Each tenant gets an isolated workspace at ~/.openanalyst/server/workspaces/{tenant_id}/. No cross-tenant access.

🛡

Sandboxed Permissions

Tools can read and write within the workspace but cannot modify server files, system files, or other tenants' directories.

Available Tools

The server exposes 22 tools to the AI agent, all operating within the sandbox boundary:

File operations — read_file, write_file, edit_file
Search — grep_search, glob_search
Execution — bash, powershell, repl
Web — web_search, web_fetch
Code execution — Python, JavaScript, and shell code in a jailed subprocess
Agent — agent (sub-agent spawning), todo_write, notebook_edit
And more — skill, tool_search, config, structured_output, sleep, send_user_message

ExecuteCode sandbox

Python, JavaScript, and shell code execution runs in a jailed subprocess with restricted filesystem access. The subprocess cannot escape the workspace boundary.

Building on Top

Developer Guide

The server is designed as a single-tenant core that enterprises can wrap with their own authentication, authorization, and multi-tenancy.
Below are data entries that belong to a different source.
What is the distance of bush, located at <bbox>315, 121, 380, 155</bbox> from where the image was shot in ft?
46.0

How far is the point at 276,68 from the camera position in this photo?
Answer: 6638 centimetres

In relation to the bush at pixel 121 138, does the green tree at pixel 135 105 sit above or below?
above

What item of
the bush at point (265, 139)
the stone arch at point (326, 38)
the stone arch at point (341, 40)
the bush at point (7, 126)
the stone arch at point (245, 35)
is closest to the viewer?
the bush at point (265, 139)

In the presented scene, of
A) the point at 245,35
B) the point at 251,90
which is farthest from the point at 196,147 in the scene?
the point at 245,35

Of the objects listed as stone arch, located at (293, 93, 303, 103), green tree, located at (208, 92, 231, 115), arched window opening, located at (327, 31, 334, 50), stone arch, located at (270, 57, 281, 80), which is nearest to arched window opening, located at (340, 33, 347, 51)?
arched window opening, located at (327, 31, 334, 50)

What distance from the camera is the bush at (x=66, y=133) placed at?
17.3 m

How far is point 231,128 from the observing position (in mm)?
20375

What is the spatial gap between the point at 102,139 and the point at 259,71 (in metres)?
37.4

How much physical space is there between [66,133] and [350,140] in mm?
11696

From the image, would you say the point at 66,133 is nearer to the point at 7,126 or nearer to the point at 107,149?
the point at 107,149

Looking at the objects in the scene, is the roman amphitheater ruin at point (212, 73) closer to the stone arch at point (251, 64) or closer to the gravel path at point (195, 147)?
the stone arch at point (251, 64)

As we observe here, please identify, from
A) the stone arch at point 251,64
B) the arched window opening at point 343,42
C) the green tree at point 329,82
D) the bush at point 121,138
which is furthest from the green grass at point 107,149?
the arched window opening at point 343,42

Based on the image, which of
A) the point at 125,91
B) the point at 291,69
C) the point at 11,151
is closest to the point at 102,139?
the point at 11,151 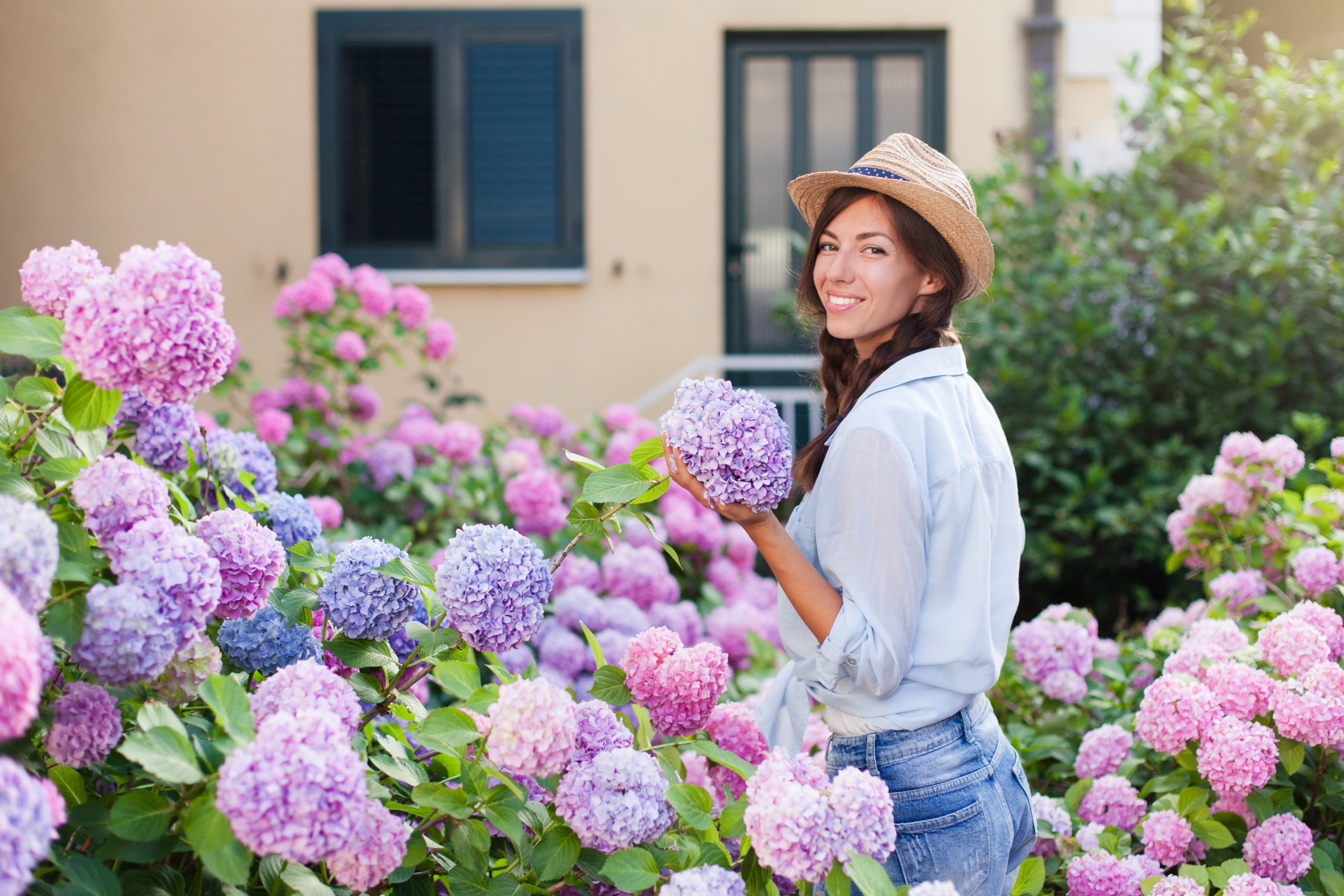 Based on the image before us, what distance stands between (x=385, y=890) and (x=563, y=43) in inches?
213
Add your own auth middleware, rate limiting, and user management — the server handles all AI agent capabilities.

Here is a minimal Python wrapper to get started:

Python client

import requests

class OpenAnalystClient:
    def __init__(self, base_url="http://localhost:3080"):
        self.base = base_url

    def chat(self, message, model=None, effort=None):
        payload = {"message": message}
        if model: payload["model"] = model
        if effort: payload["effort"] = effort
        return requests.post(f"{self.base}/v1/chat", json=payload, stream=True)

    def create_session(self):
        return requests.post(f"{self.base}/sessions").json()

    def send_message(self, session_id, message):
        return requests.post(
            f"{self.base}/sessions/{session_id}/message",
            json={"message": message},
            stream=True
        )

    def get_history(self, session_id):
        return requests.get(f"{self.base}/sessions/{session_id}").json()


# Usage
client = OpenAnalystClient()
session = client.create_session()
response = client.send_message(session["session_id"], "Analyze this codebase")

JavaScript client

class OpenAnalystClient {
  constructor(baseUrl = 'http://localhost:3080') {
    this.base = baseUrl;
  }

  async chat(message, options = {}) {
    return fetch(`${this.base}/v1/chat`, {
      method: 'POST',
      headers: { 'Content-Type': 'application/json' },
      body: JSON.stringify({ message, ...options })
    });
  }

  subscribeToSession(sessionId, onEvent) {
    const es = new EventSource(`${this.base}/sessions/${sessionId}/events`);
    es.addEventListener('assistant_delta', e => onEvent('delta', JSON.parse(e.data)));
    es.addEventListener('tool_call', e => onEvent('tool', JSON.parse(e.data)));
    es.addEventListener('error', e => onEvent('error', e));
    return es;
  }
}

Automatic Provider Failover

OpenAnalyst automatically fails over between configured providers. If a provider is rate-limited, returns an error, or times out, the next configured provider is tried transparently. Zero downtime for your API consumers.

All 8 supported providers participate in the failover: OpenAnalyst, Anthropic, OpenAI, xAI, OpenRouter, Bedrock, Gemini, and Ollama (local). The engine determines the optimal failover order based on your configuration and availability. Your client code does not need to handle provider errors — the server retries automatically and returns the response as if nothing happened.

Best practice

Configure at least 2–3 providers for production deployments. If your primary provider (e.g., Anthropic) hits rate limits during peak traffic, the server seamlessly falls over to your secondary (e.g., OpenAI) with no client-side changes.